Que pensez-vous de l’attitude des féministes occidentales par rapport à ce conflit ?

Il peut sembler peu honorable, pour une féministe, de critiquer le mouvement féministe mondial… A moins que ce mouvement ne se range pas du côté des femmes victimes. Nombreux sont ceux qui ont souligné le silence des féministes sur les viols et les crimes commis par le Hamas le 7 octobre, et j’en fais partie.

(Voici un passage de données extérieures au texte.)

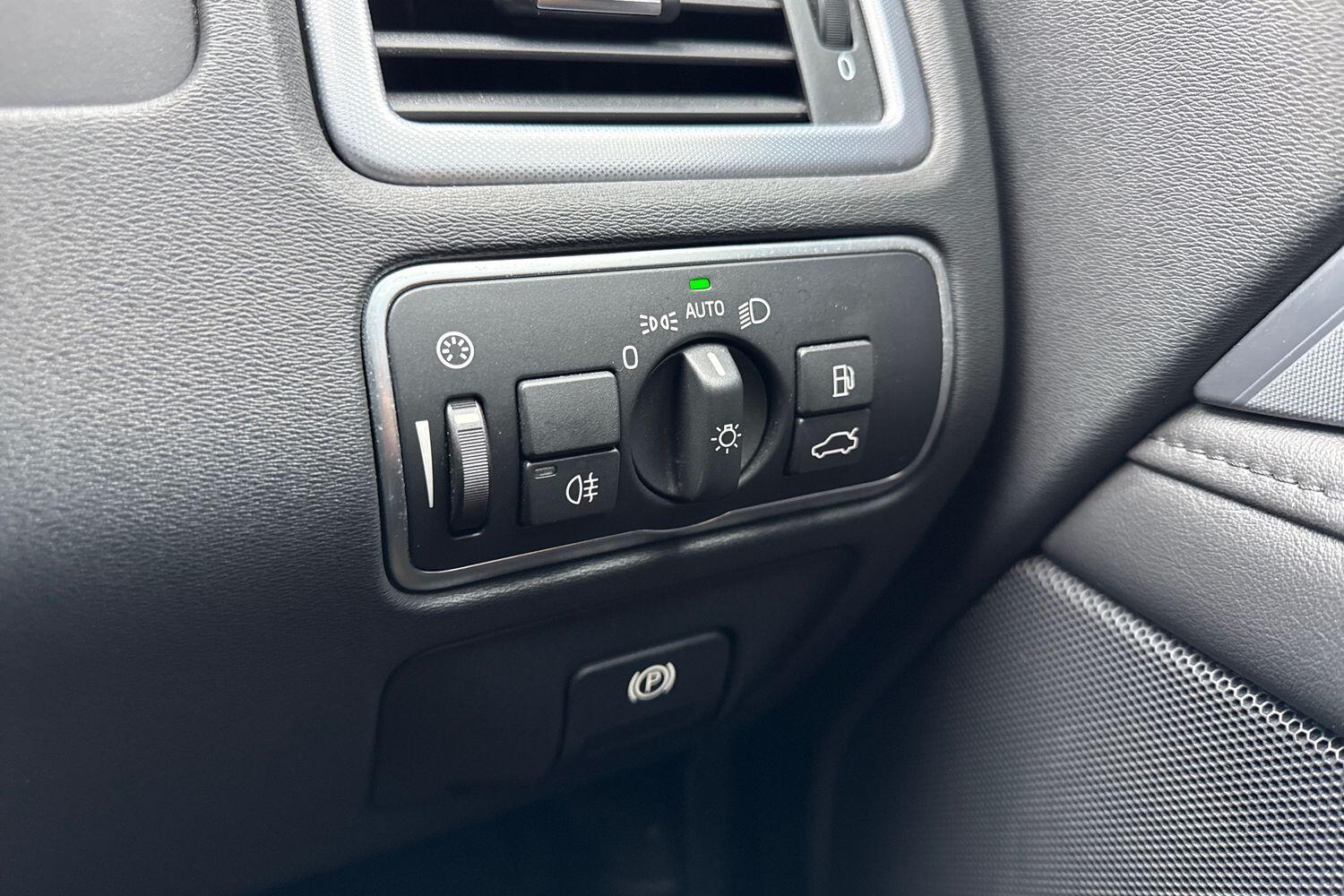 Used Volvo V70 2016 for sale - 77331190: Photo 41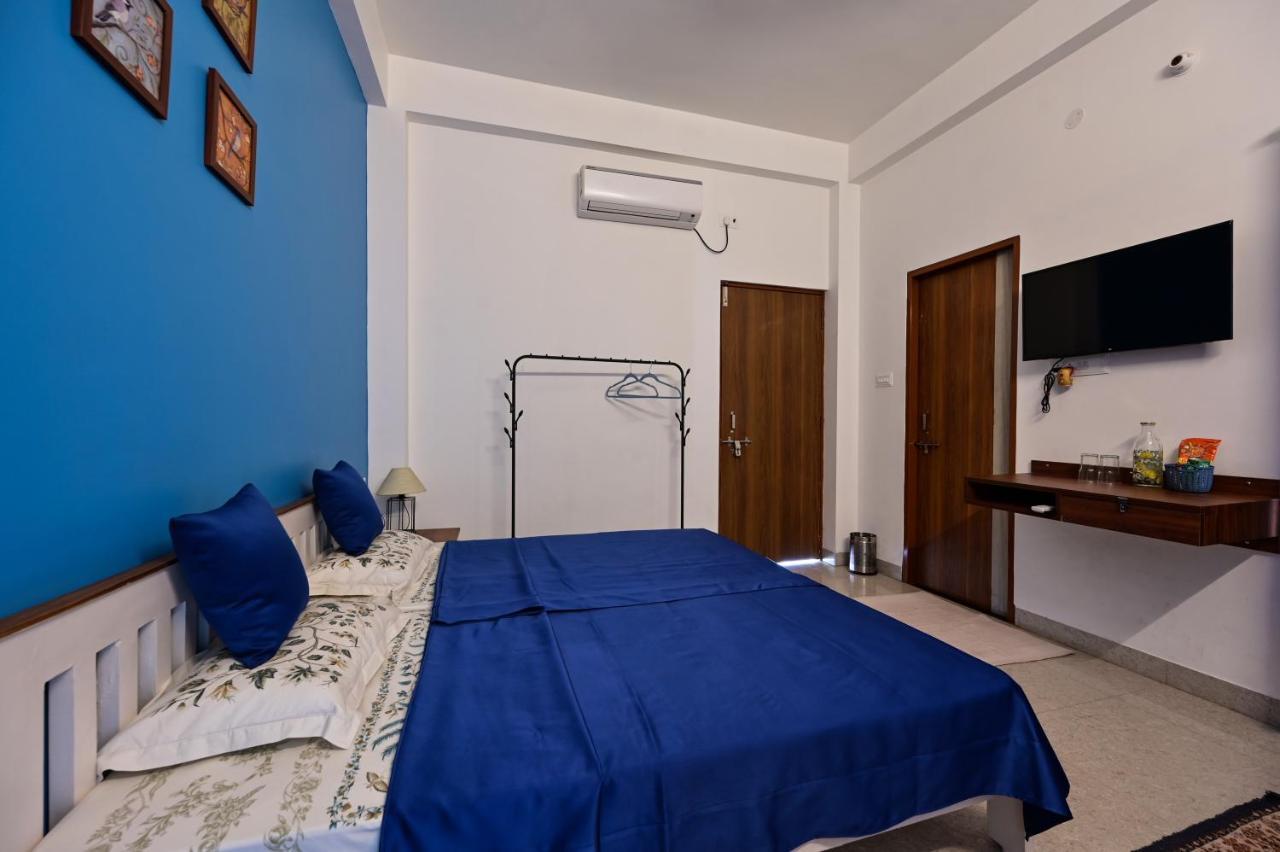 Bed and breakfast The Autumn Leaves Bhopal Extérieur photo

La tragédie pour ces femmes, prises en otages et violées par le Hamas, c’est aussi qu’après le 7 octobre il y a eu les 8, 9 et 10 octobre, jusqu’à aujourd’hui, sans qu’aucune révolte mondiale des femmes n’ait eu lieu, comme il y a six ans, après que plusieurs célébrités hollywoodiennes ont partagé leurs témoignages. Les viols horribles et systématiques de femmes et d’enfants ukrainiens par des Russes n’ont pas non plus déclenché de révolution. Rappelons, aussi, le silence du mouvement féministe mondial face aux crimes commis contre les femmes iraniennes.

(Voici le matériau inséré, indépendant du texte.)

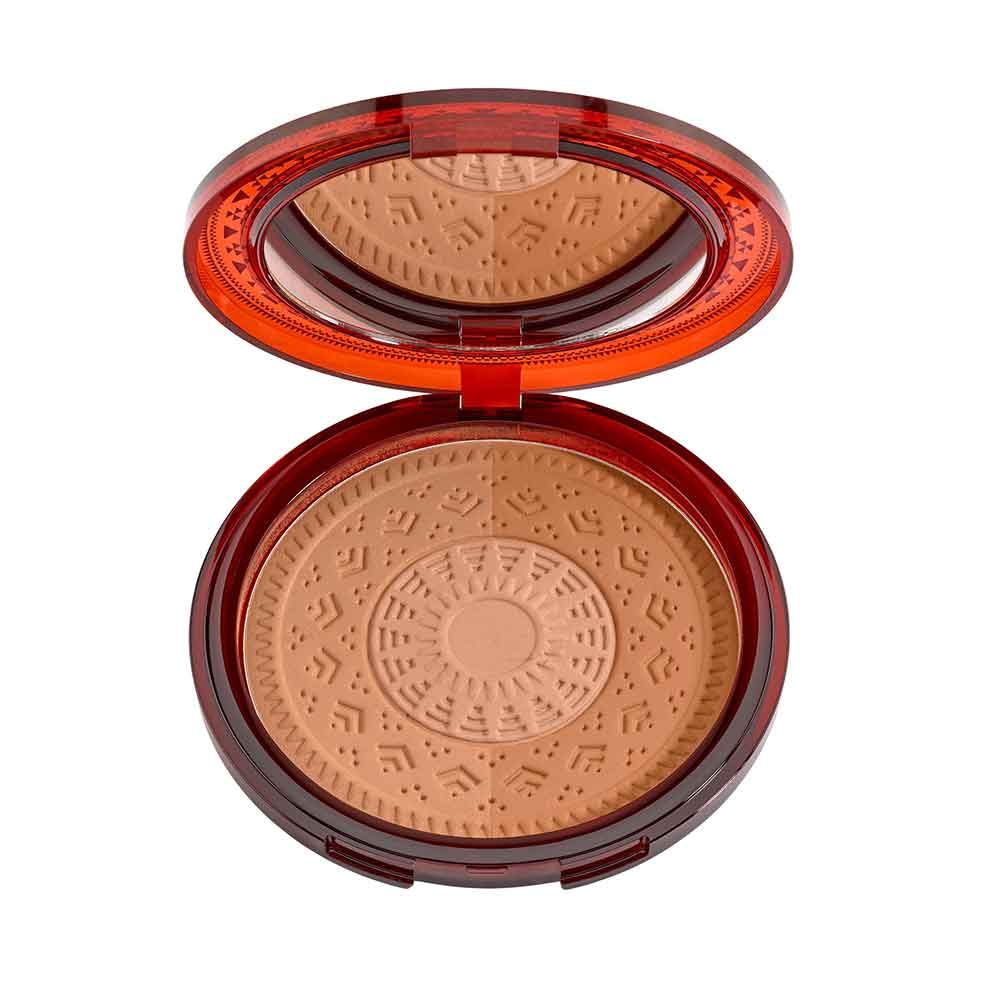 Bronzing Powder in einer runden, geöffneten Dose mit Spiegel. Zwei Farbtöne, hell und dunkelbraun, mit geprägtem Muster. Roter Deckel.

Comment expliquez-vous ce silence ?

Le féminisme s’est toujours positionné comme un mouvement de gauche. Aujourd’hui, il est en train de perdre sa boussole morale, car il est entraîné dans de mauvaises directions idéologiques par la gauche elle-même. La convergence des luttes n’a abouti qu’à une divergence croissante entre les femmes. "L’occupation" est une raison pour beaucoup de se détourner des femmes israéliennes. Le soutien "impérialiste" des Etats-Unis en a également conduit beaucoup à négliger les filles et les femmes ukrainiennes violées et torturées. Et, bien sûr, "l’islamophobie" des manifestations contre le hidjab a été une raison d’abandonner les femmes iraniennes violées dans les prisons et tuées par le régime islamique.

Le féminisme ne peut pas et ne doit pas sacrifier les intérêts et l’unité des femmes pour les batailles idéologiques d’une certaine gauche, qui se perd dans le wokisme, la politique de l’identité et le relativisme. Les féministes ne peuvent être que dans un seul camp, celui des femmes. Nous n’avons aucune zone de convergence avec les fondamentalistes religieux et les régimes dictatoriaux. Et nous n’en aurons jamais.